Two memory layers, not one
The fact store answers precise questions ("what's the user's city?"). But some things are fuzzy — the shape of a long conversation, an ongoing decision, the tone the user prefers in practice. That's what a rolling summary is for. It's the cheapest memory layer from the drip's lab: durable and small, but lossy as it's re-summarized.
We run both. Facts for the sharp, updatable stuff; a summary for the ambient context.
Summarize a session
SUMMARIZE_PROMPT = """Summarize this session in 2-3 sentences.

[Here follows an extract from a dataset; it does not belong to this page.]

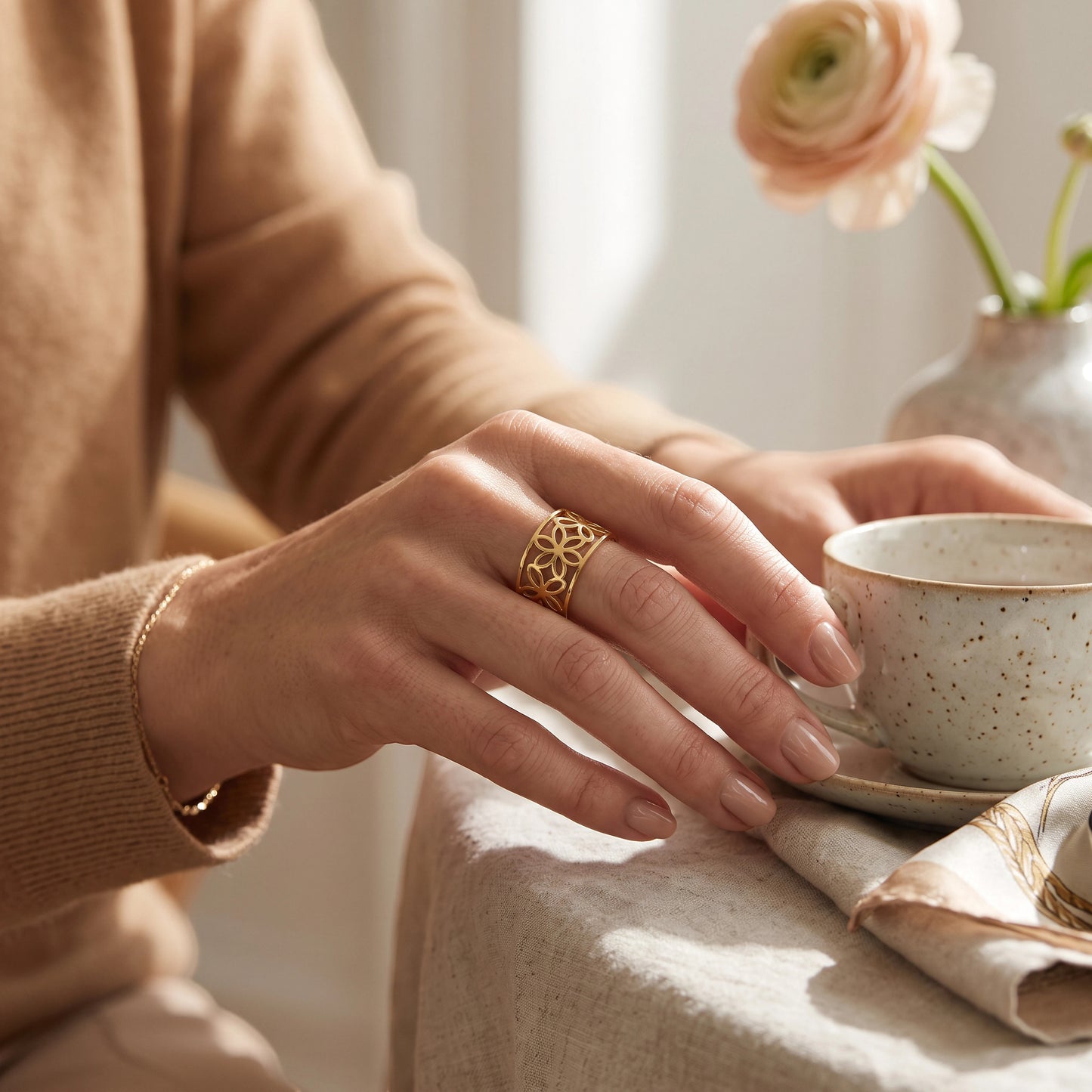 Drupt verstelbare goudkleurige ring met elegant opengewerkt bloemmotief gedragen aan een hand bij een kopje thee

Preserve any durable facts, decisions, and the user's stated preferences.
Be concise; drop small talk.
Session transcript:
{turns}"""
def summarize_session(con, session: int, turns: list[str]) -> str:
transcript = "\n".join(turns)
r = ollama.chat(
model=CHAT_MODEL,
messages=[{"role": "user",
"content": SUMMARIZE_PROMPT.format(turns=transcript)}],
)
summary = r["message"]["content"].strip()
con.execute(
"INSERT OR REPLACE INTO summaries(session, text) VALUES(?, ?)",
(session, summary),
)
con.commit()
return summary
def recent_summaries(con, limit: int = 3) -> str:
rows = con.execute(
"SELECT text FROM summaries ORDER BY session DESC LIMIT ?", (limit,)
).fetchall()
return "\n".join(t for (t,) in reversed(rows))INSERT OR REPLACE keys on session, so re-summarizing a session overwrites its summary rather than duplicating it.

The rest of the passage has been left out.